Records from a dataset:
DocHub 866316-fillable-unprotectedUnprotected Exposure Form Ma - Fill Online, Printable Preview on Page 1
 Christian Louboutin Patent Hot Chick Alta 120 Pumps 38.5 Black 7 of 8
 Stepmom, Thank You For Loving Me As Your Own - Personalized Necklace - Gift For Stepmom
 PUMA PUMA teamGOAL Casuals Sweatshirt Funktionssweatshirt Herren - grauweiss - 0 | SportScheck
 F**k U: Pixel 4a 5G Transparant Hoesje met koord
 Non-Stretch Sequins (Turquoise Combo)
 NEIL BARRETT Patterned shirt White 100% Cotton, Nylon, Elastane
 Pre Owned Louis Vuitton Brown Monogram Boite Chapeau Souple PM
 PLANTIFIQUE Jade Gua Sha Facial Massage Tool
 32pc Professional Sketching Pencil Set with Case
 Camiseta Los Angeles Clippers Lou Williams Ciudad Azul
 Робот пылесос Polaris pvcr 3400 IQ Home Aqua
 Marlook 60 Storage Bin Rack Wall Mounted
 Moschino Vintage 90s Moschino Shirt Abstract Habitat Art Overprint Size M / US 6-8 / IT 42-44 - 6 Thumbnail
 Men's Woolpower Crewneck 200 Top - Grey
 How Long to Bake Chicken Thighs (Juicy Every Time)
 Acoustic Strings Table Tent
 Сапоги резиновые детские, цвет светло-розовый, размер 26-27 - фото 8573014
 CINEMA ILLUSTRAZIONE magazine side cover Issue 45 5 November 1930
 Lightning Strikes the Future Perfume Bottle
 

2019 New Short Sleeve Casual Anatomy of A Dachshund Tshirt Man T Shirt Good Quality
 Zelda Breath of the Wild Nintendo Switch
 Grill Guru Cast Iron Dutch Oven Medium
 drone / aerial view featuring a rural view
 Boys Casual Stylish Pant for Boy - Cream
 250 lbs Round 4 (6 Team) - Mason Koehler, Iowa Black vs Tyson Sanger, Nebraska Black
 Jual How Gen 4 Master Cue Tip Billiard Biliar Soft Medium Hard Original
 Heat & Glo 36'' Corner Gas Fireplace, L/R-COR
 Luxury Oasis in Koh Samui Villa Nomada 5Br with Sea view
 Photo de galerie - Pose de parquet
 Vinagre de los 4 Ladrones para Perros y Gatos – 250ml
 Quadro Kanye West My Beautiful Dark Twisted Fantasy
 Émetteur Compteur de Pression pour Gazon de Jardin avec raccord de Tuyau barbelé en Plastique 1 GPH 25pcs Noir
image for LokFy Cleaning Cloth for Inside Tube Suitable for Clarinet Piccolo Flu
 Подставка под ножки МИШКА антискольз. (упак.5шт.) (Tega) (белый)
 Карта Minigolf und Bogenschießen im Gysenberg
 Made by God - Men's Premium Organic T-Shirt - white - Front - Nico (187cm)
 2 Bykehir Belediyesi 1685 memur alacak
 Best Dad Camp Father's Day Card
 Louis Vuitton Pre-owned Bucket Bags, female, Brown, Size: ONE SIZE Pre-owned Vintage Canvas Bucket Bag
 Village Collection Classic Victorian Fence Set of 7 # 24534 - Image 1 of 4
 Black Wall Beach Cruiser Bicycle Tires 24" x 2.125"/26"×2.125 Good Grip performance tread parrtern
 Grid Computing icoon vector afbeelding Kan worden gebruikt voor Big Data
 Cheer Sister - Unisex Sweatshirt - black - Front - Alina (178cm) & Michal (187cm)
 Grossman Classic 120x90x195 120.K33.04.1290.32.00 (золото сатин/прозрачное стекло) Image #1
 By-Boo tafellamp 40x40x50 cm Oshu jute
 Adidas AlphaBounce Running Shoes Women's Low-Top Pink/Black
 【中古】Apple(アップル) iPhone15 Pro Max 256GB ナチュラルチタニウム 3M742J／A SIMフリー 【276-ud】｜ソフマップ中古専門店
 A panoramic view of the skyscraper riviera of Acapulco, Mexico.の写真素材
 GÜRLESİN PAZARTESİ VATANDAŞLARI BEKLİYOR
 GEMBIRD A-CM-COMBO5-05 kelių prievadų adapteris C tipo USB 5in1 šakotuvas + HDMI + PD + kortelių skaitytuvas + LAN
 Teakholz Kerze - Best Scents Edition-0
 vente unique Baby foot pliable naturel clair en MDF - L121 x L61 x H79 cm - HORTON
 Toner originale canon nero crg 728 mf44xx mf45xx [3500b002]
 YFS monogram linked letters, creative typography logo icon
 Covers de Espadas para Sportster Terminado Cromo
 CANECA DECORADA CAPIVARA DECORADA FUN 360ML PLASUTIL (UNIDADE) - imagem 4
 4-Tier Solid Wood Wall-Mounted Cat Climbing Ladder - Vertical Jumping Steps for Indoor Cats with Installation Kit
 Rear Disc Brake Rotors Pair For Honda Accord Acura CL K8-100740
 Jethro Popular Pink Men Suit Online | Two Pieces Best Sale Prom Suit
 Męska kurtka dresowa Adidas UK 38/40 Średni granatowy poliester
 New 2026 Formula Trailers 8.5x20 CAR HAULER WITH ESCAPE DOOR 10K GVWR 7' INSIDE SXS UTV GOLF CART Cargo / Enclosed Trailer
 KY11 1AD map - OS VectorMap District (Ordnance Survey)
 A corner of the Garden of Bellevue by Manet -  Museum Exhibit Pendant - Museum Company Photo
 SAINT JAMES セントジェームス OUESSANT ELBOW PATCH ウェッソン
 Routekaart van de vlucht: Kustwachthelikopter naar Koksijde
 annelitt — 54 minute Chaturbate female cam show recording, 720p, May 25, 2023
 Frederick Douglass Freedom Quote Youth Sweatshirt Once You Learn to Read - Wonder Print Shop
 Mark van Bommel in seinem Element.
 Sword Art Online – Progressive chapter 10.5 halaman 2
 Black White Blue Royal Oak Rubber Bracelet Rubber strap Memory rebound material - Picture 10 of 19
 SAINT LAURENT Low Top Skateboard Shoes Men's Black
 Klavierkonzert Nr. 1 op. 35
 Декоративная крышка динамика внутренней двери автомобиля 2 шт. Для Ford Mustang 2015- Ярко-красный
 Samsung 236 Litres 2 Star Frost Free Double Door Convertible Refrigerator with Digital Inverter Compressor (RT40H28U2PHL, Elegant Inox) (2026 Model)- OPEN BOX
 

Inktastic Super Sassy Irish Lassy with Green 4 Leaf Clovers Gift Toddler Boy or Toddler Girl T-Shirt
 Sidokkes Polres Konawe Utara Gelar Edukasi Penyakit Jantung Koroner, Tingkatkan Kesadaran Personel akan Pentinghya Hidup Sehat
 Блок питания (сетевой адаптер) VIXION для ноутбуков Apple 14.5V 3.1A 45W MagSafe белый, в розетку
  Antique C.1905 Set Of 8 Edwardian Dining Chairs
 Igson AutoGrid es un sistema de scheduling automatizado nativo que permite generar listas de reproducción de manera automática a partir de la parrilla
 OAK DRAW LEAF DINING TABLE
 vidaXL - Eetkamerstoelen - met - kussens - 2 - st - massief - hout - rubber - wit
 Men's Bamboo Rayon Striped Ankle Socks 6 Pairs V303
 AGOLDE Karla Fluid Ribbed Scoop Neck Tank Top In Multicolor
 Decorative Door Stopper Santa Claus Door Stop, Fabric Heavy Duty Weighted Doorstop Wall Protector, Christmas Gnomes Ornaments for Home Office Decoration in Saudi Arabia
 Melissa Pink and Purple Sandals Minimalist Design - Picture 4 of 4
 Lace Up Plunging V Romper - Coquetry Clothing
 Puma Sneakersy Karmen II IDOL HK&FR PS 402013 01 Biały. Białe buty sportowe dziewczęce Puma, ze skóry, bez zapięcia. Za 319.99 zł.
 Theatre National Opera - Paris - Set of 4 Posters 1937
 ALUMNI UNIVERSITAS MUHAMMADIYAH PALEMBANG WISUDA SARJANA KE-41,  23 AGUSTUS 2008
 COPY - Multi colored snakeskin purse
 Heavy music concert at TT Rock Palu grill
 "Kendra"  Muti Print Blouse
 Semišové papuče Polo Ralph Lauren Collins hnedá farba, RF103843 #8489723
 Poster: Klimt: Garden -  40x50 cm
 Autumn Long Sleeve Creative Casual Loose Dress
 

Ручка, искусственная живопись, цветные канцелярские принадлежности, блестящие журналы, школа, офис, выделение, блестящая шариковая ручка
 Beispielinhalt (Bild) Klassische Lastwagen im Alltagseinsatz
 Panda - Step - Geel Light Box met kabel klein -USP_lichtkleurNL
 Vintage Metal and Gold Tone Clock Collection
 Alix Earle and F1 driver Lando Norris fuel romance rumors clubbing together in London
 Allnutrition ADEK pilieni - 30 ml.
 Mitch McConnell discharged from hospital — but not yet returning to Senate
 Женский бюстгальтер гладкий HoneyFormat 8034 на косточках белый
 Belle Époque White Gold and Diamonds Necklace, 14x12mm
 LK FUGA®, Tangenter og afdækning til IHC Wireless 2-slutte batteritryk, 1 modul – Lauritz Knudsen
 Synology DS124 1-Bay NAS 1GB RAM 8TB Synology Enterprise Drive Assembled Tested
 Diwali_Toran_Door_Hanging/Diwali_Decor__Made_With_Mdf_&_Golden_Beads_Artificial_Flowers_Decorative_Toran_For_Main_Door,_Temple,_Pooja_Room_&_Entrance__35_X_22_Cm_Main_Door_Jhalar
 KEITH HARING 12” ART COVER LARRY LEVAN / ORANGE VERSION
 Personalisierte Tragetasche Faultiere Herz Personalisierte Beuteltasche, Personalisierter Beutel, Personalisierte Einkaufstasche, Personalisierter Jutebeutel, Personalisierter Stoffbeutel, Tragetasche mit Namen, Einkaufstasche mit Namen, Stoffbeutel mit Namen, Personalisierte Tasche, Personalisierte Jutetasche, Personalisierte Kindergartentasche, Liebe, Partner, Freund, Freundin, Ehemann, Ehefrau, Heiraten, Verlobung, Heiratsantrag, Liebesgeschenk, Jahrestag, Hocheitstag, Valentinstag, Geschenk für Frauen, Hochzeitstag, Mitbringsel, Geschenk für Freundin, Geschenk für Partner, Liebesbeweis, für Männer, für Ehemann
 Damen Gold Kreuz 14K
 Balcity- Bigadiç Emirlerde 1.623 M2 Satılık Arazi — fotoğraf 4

> _Requirement_
From the records above, transcribe without alteration every line from the one with "NEIL BARRETT Patterned" to the one with "Робот пылесос Polaris pvcr 3400 IQ Home Aqua", inclusive.

> _Output of the exercise_
 NEIL BARRETT Patterned shirt White 100% Cotton, Nylon, Elastane
 Pre Owned Louis Vuitton Brown Monogram Boite Chapeau Souple PM
 PLANTIFIQUE Jade Gua Sha Facial Massage Tool
 32pc Professional Sketching Pencil Set with Case
 Camiseta Los Angeles Clippers Lou Williams Ciudad Azul
 Робот пылесос Polaris pvcr 3400 IQ Home Aqua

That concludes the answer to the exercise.